____ Data under study

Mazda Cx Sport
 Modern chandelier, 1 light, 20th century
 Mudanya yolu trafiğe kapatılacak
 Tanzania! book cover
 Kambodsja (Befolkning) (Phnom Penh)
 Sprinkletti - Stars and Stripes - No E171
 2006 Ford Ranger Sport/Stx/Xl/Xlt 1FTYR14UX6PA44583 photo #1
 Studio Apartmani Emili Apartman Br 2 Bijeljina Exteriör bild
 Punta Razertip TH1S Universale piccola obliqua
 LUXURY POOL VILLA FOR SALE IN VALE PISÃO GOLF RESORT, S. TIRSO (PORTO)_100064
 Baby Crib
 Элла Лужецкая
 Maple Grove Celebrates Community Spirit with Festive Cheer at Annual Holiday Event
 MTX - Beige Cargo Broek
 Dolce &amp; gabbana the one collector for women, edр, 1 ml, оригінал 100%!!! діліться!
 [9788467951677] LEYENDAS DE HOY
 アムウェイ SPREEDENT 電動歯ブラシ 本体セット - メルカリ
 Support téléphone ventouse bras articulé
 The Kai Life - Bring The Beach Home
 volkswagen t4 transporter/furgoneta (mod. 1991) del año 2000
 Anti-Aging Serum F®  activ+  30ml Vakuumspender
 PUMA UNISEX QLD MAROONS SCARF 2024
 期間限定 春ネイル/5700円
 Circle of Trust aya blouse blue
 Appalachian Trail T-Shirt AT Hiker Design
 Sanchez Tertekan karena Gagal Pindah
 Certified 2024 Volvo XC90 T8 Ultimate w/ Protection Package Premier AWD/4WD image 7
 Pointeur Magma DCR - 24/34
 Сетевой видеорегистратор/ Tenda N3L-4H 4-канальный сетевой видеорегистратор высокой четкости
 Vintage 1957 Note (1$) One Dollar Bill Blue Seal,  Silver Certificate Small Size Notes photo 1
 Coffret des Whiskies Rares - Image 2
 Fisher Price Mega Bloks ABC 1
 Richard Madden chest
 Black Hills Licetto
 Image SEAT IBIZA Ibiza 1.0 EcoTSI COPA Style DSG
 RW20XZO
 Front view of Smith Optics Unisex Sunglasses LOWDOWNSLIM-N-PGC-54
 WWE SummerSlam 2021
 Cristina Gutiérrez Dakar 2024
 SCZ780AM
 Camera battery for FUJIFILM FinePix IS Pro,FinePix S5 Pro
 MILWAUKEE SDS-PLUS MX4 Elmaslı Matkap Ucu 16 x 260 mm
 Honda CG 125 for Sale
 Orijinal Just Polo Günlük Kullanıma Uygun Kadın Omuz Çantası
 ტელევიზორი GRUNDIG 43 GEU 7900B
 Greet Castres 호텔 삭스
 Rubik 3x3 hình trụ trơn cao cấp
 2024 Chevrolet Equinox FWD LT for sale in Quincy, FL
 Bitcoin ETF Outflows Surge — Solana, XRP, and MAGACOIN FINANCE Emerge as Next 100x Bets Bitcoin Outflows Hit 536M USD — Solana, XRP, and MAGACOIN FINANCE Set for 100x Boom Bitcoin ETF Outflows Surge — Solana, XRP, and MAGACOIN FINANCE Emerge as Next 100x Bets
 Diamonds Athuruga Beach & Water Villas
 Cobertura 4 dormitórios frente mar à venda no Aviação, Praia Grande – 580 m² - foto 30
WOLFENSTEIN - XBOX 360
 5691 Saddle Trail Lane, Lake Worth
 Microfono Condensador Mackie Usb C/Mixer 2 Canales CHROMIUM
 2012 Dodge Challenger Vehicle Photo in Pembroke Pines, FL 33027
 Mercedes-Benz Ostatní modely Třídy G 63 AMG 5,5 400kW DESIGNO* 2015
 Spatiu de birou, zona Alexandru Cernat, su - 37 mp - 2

________

## Requirement:
Exactly as shown above, return all of the entries.

## Answer to this problem:
Mazda Cx Sport
 Modern chandelier, 1 light, 20th century
 Mudanya yolu trafiğe kapatılacak
 Tanzania! book cover
 Kambodsja (Befolkning) (Phnom Penh)
 Sprinkletti - Stars and Stripes - No E171
 2006 Ford Ranger Sport/Stx/Xl/Xlt 1FTYR14UX6PA44583 photo #1
 Studio Apartmani Emili Apartman Br 2 Bijeljina Exteriör bild
 Punta Razertip TH1S Universale piccola obliqua
 LUXURY POOL VILLA FOR SALE IN VALE PISÃO GOLF RESORT, S. TIRSO (PORTO)_100064
 Baby Crib
 Элла Лужецкая
 Maple Grove Celebrates Community Spirit with Festive Cheer at Annual Holiday Event
 MTX - Beige Cargo Broek
 Dolce &amp; gabbana the one collector for women, edр, 1 ml, оригінал 100%!!! діліться!
 [9788467951677] LEYENDAS DE HOY
 アムウェイ SPREEDENT 電動歯ブラシ 本体セット - メルカリ
 Support téléphone ventouse bras articulé
 The Kai Life - Bring The Beach Home
 volkswagen t4 transporter/furgoneta (mod. 1991) del año 2000
 Anti-Aging Serum F®  activ+  30ml Vakuumspender
 PUMA UNISEX QLD MAROONS SCARF 2024
 期間限定 春ネイル/5700円
 Circle of Trust aya blouse blue
 Appalachian Trail T-Shirt AT Hiker Design
 Sanchez Tertekan karena Gagal Pindah
 Certified 2024 Volvo XC90 T8 Ultimate w/ Protection Package Premier AWD/4WD image 7
 Pointeur Magma DCR - 24/34
 Сетевой видеорегистратор/ Tenda N3L-4H 4-канальный сетевой видеорегистратор высокой четкости
 Vintage 1957 Note (1$) One Dollar Bill Blue Seal,  Silver Certificate Small Size Notes photo 1
 Coffret des Whiskies Rares - Image 2
 Fisher Price Mega Bloks ABC 1
 Richard Madden chest
 Black Hills Licetto
 Image SEAT IBIZA Ibiza 1.0 EcoTSI COPA Style DSG
 RW20XZO
 Front view of Smith Optics Unisex Sunglasses LOWDOWNSLIM-N-PGC-54
 WWE SummerSlam 2021
 Cristina Gutiérrez Dakar 2024
 SCZ780AM
 Camera battery for FUJIFILM FinePix IS Pro,FinePix S5 Pro
 MILWAUKEE SDS-PLUS MX4 Elmaslı Matkap Ucu 16 x 260 mm
 Honda CG 125 for Sale
 Orijinal Just Polo Günlük Kullanıma Uygun Kadın Omuz Çantası
 ტელევიზორი GRUNDIG 43 GEU 7900B
 Greet Castres 호텔 삭스
 Rubik 3x3 hình trụ trơn cao cấp
 2024 Chevrolet Equinox FWD LT for sale in Quincy, FL
 Bitcoin ETF Outflows Surge — Solana, XRP, and MAGACOIN FINANCE Emerge as Next 100x Bets Bitcoin Outflows Hit 536M USD — Solana, XRP, and MAGACOIN FINANCE Set for 100x Boom Bitcoin ETF Outflows Surge — Solana, XRP, and MAGACOIN FINANCE Emerge as Next 100x Bets
 Diamonds Athuruga Beach & Water Villas
 Cobertura 4 dormitórios frente mar à venda no Aviação, Praia Grande – 580 m² - foto 30
WOLFENSTEIN - XBOX 360
 5691 Saddle Trail Lane, Lake Worth
 Microfono Condensador Mackie Usb C/Mixer 2 Canales CHROMIUM
 2012 Dodge Challenger Vehicle Photo in Pembroke Pines, FL 33027
 Mercedes-Benz Ostatní modely Třídy G 63 AMG 5,5 400kW DESIGNO* 2015
 Spatiu de birou, zona Alexandru Cernat, su - 37 mp - 2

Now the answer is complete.